» **TASK INSTRUCTIONS**:
An exact transcription is needed, starting at the line containing "a bedroom with" and running through the last line of the records, with every picture left out.

[TASK DATA]

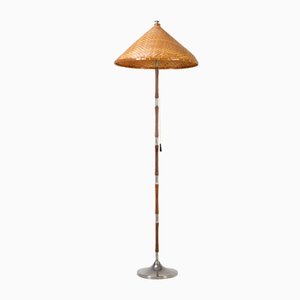 Lámpara de pie Mid-Century de teca y ratán, años 60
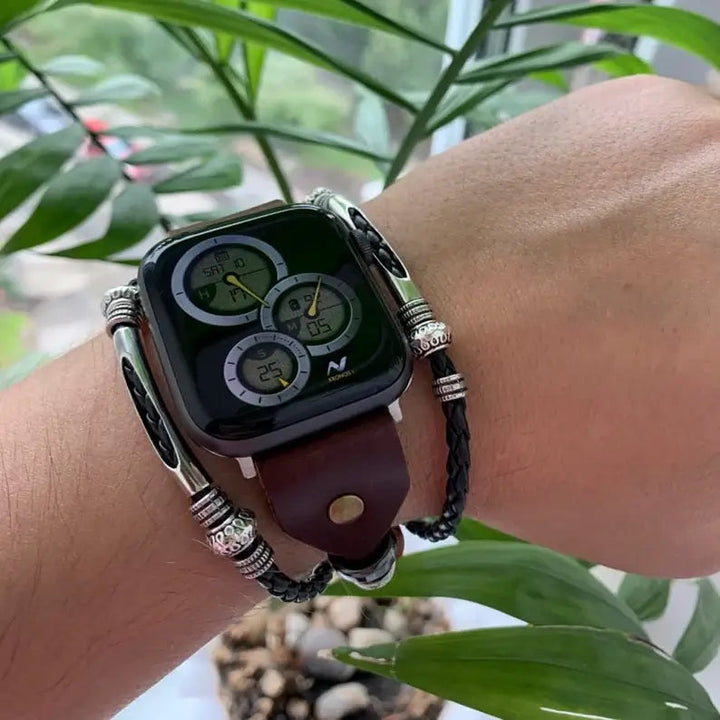 Svart vintage läderarmband liggande bredvid en Apple Watch, smartklocka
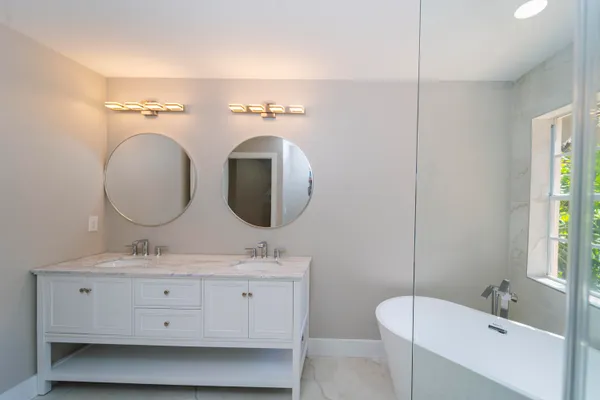 a bathroom with a double vanity sink mirror and bathtub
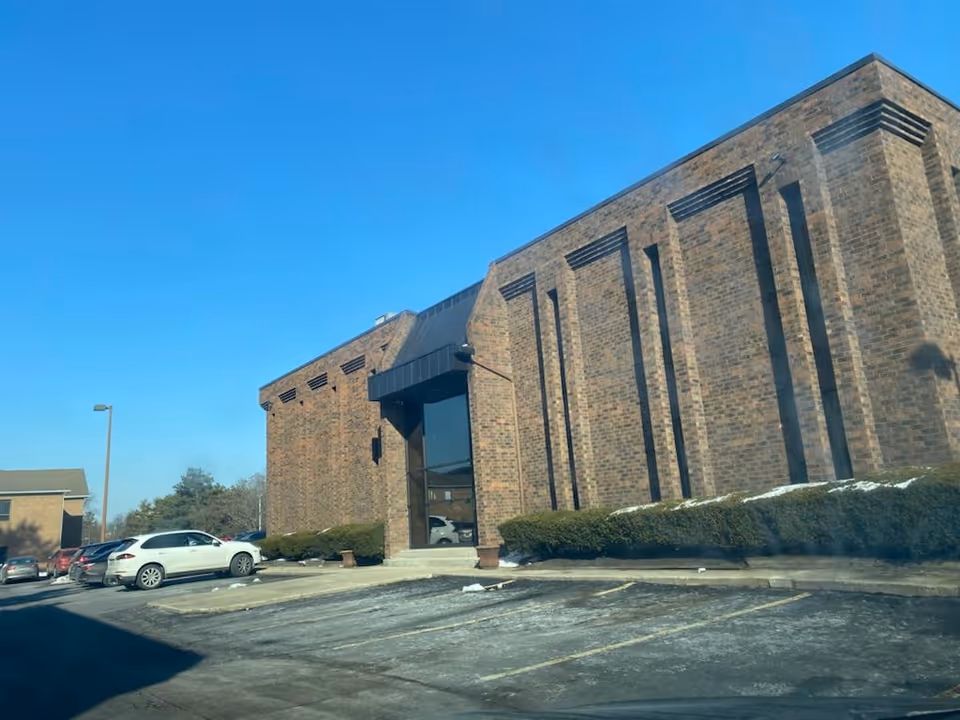 Brick building with tall facade, glass entrance, and lined parking lot under blue sky.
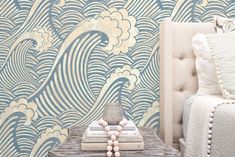 a bedroom with a bed, nightstand and wallpaper in blue waves on the walls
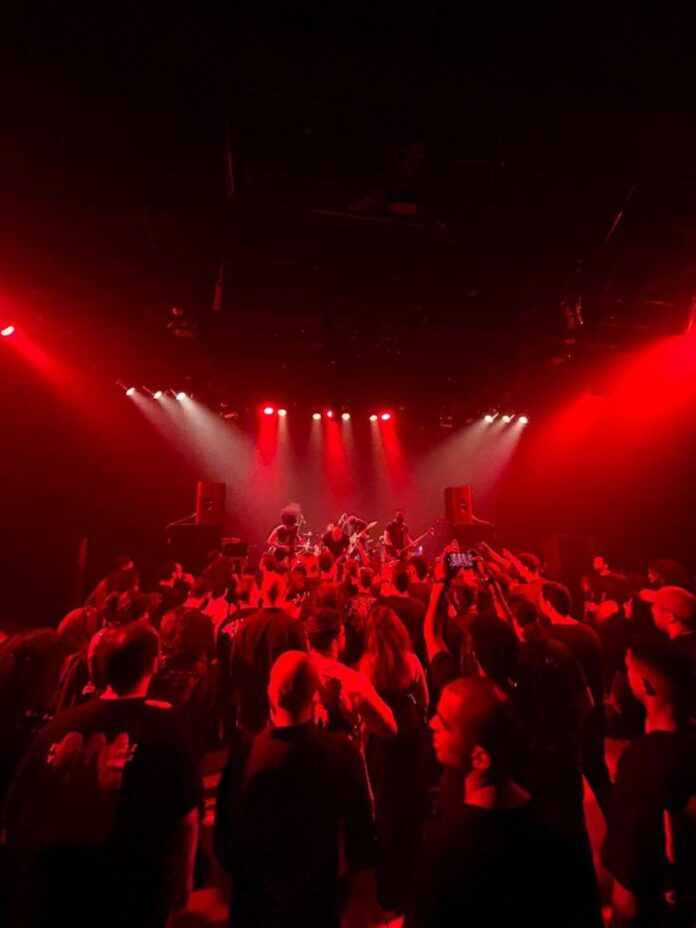A crowd of people in a dark room with red lights
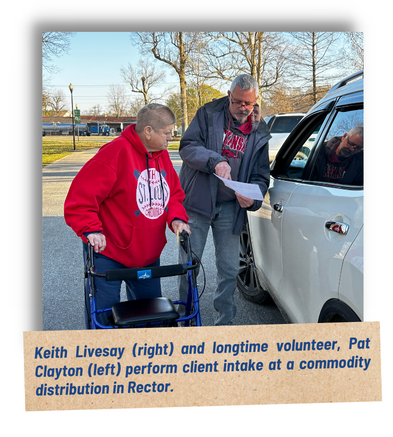 Keith Livesay (right) and longtime volunteer, Pat Clayton (left), perform client intake at a commodity distribution in Rector.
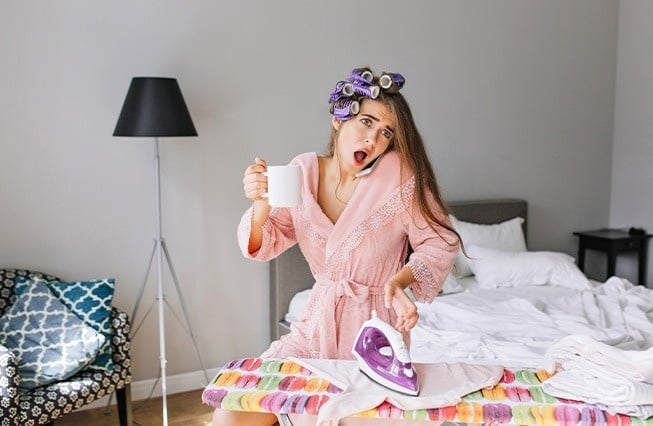 une femme portant des bigoudis parle sur un téléphone tout en tenant une tasse de café et un fer à repasser .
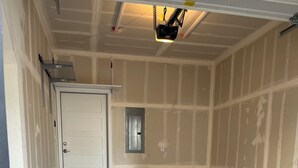 A garage with a concrete floor, a white door, and a small window. - Highlands Home with Rocky Mountain Views! (Denver)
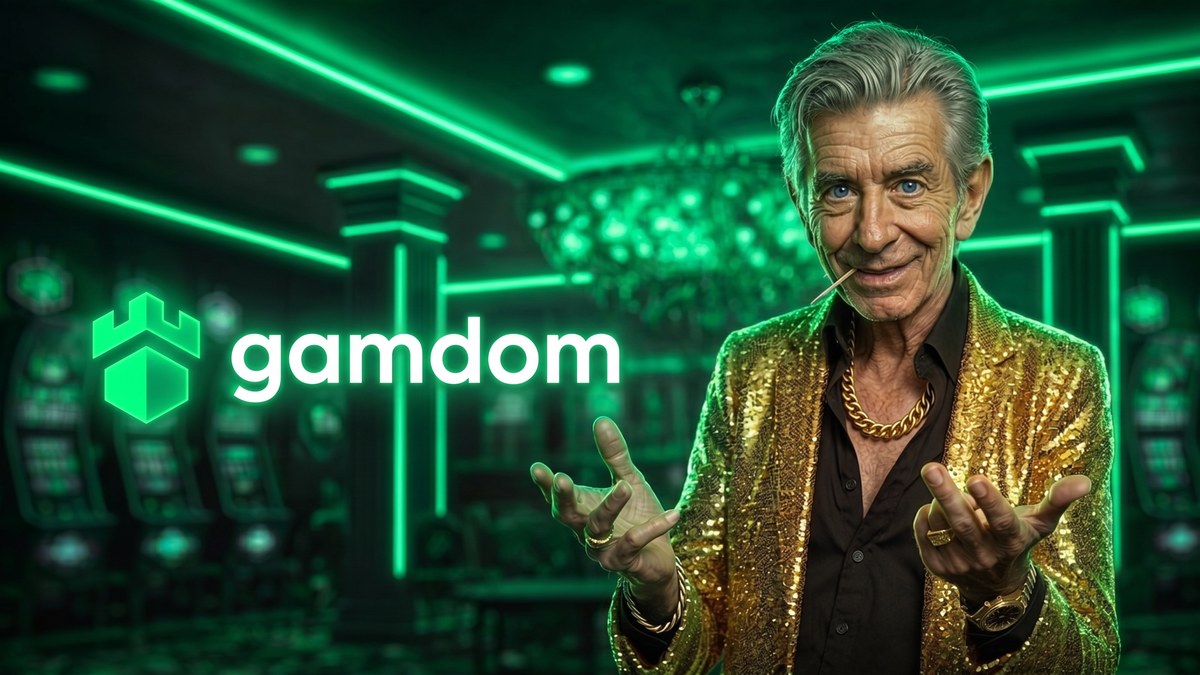 Chip, the ChipReign host in his gold sequin blazer, in a Gamdom lobby with the green Gamdom logo on a dark wall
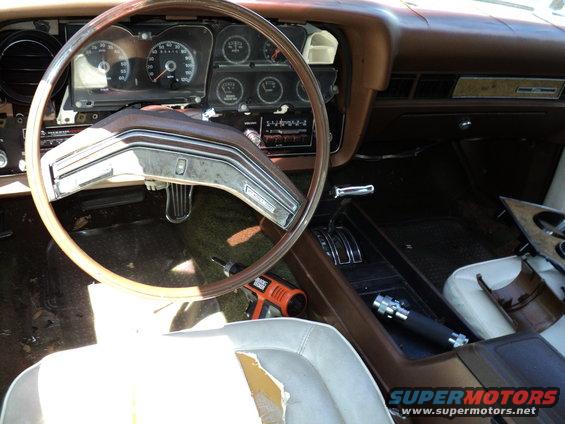 1974 Ford Elite interior showing brown dashboard, steering wheel, and center console with a Black & Decker drill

[/TASK DATA]

» **OUTPUT**:
 a bedroom with a bed, nightstand and wallpaper in blue waves on the walls
A crowd of people in a dark room with red lights
 Keith Livesay (right) and longtime volunteer, Pat Clayton (left), perform client intake at a commodity distribution in Rector.
 une femme portant des bigoudis parle sur un téléphone tout en tenant une tasse de café et un fer à repasser .
 A garage with a concrete floor, a white door, and a small window. - Highlands Home with Rocky Mountain Views! (Denver)
 Chip, the ChipReign host in his gold sequin blazer, in a Gamdom lobby with the green Gamdom logo on a dark wall
 1974 Ford Elite interior showing brown dashboard, steering wheel, and center console with a Black & Decker drill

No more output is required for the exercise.